** AVAILABLE DATA follows **
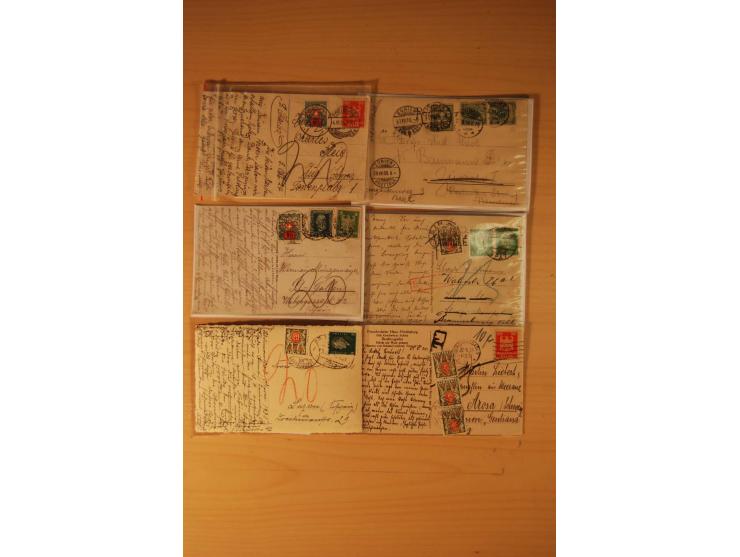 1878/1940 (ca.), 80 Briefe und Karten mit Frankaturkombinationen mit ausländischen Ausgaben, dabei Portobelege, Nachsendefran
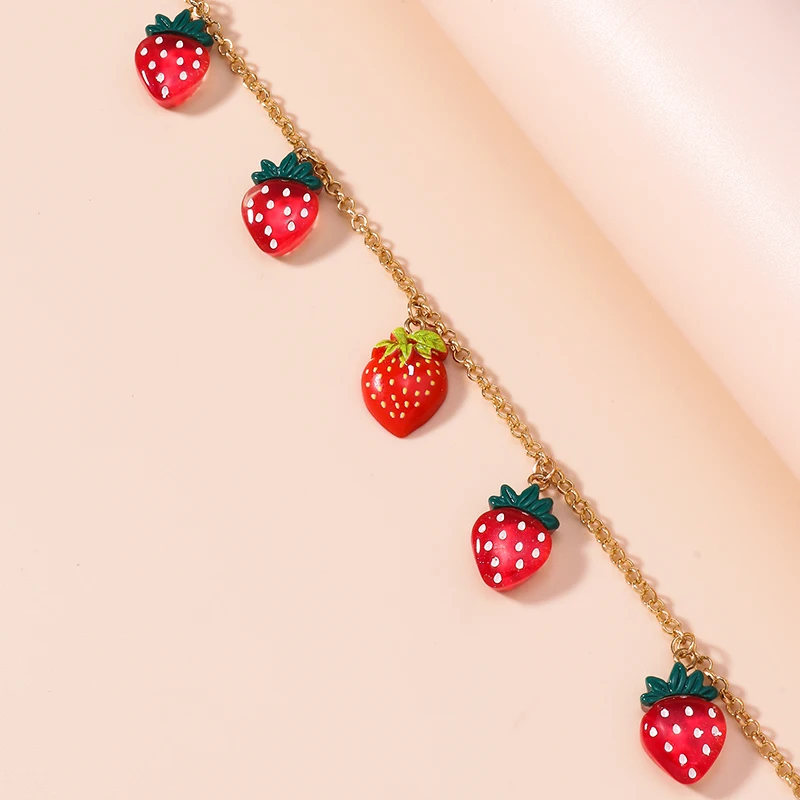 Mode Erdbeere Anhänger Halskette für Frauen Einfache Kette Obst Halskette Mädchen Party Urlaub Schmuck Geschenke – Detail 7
** End of AVAILABLE DATA **
** AVAILABLE DATA follows **
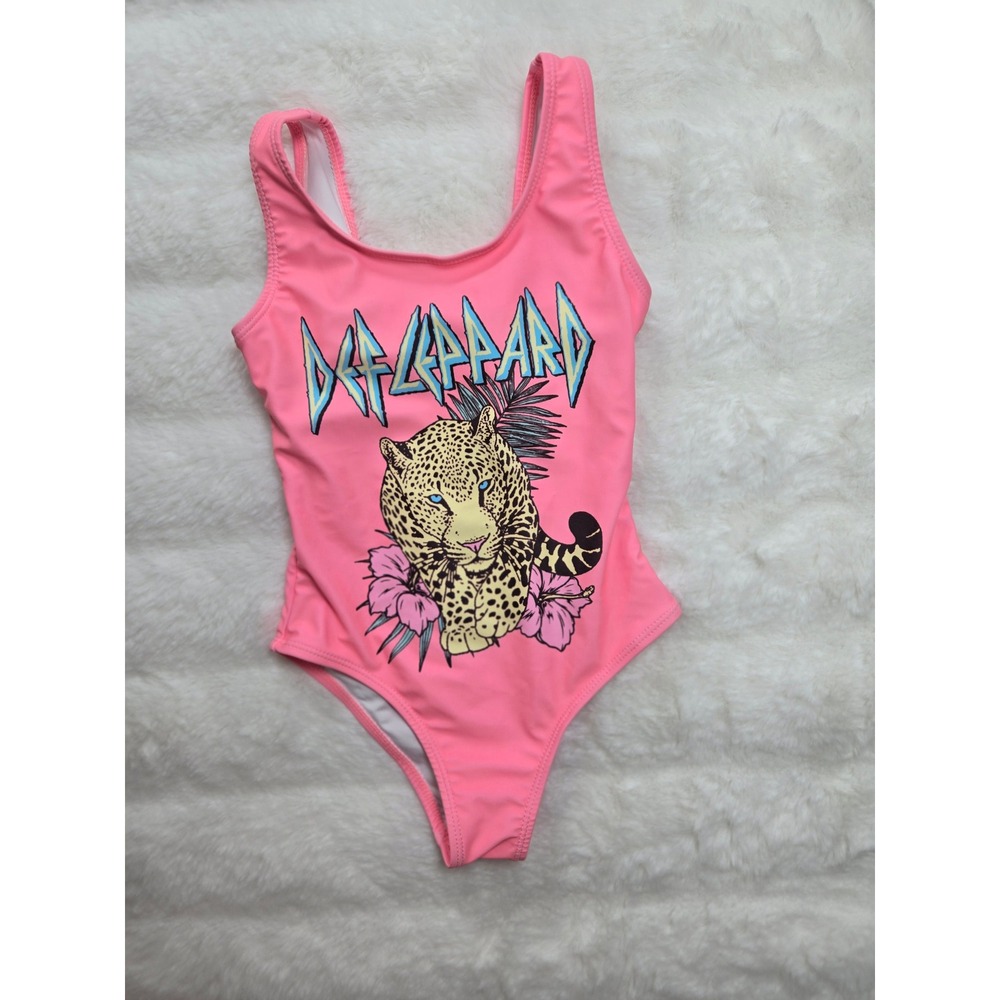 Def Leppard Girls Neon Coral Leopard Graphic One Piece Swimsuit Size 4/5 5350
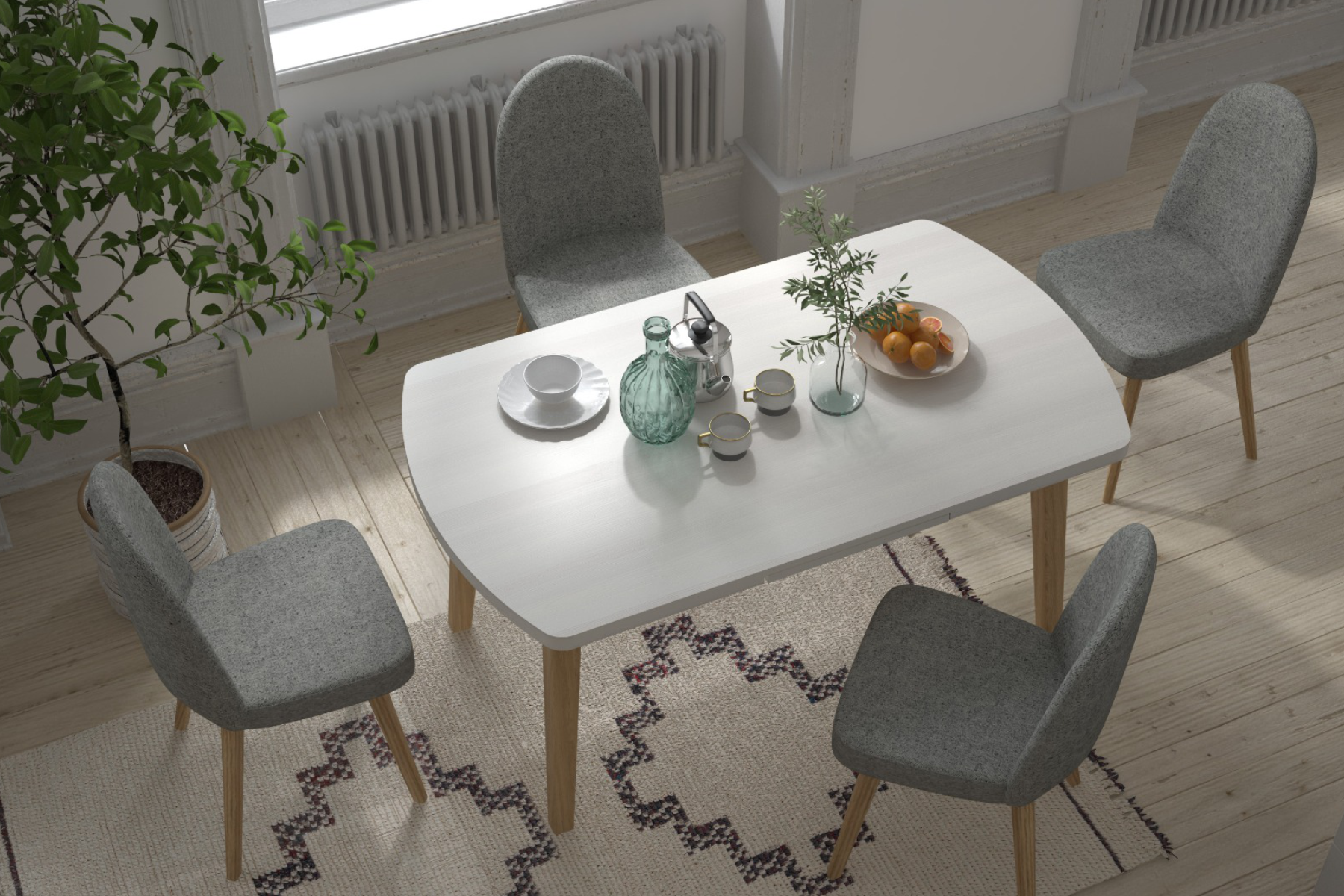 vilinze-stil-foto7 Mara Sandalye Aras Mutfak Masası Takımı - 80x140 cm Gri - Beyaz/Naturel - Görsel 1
** End of AVAILABLE DATA **
*EXERCISE*.
For this exercise, please set down exactly the lines of the listing above from the line with "1878/1940 (ca.), 80" up to and including the line with "Mode Erdbeere Anhänger", and no pictures.

*ANSWER TO THE PROBLEM*.
 1878/1940 (ca.), 80 Briefe und Karten mit Frankaturkombinationen mit ausländischen Ausgaben, dabei Portobelege, Nachsendefran
 Mode Erdbeere Anhänger Halskette für Frauen Einfache Kette Obst Halskette Mädchen Party Urlaub Schmuck Geschenke – Detail 7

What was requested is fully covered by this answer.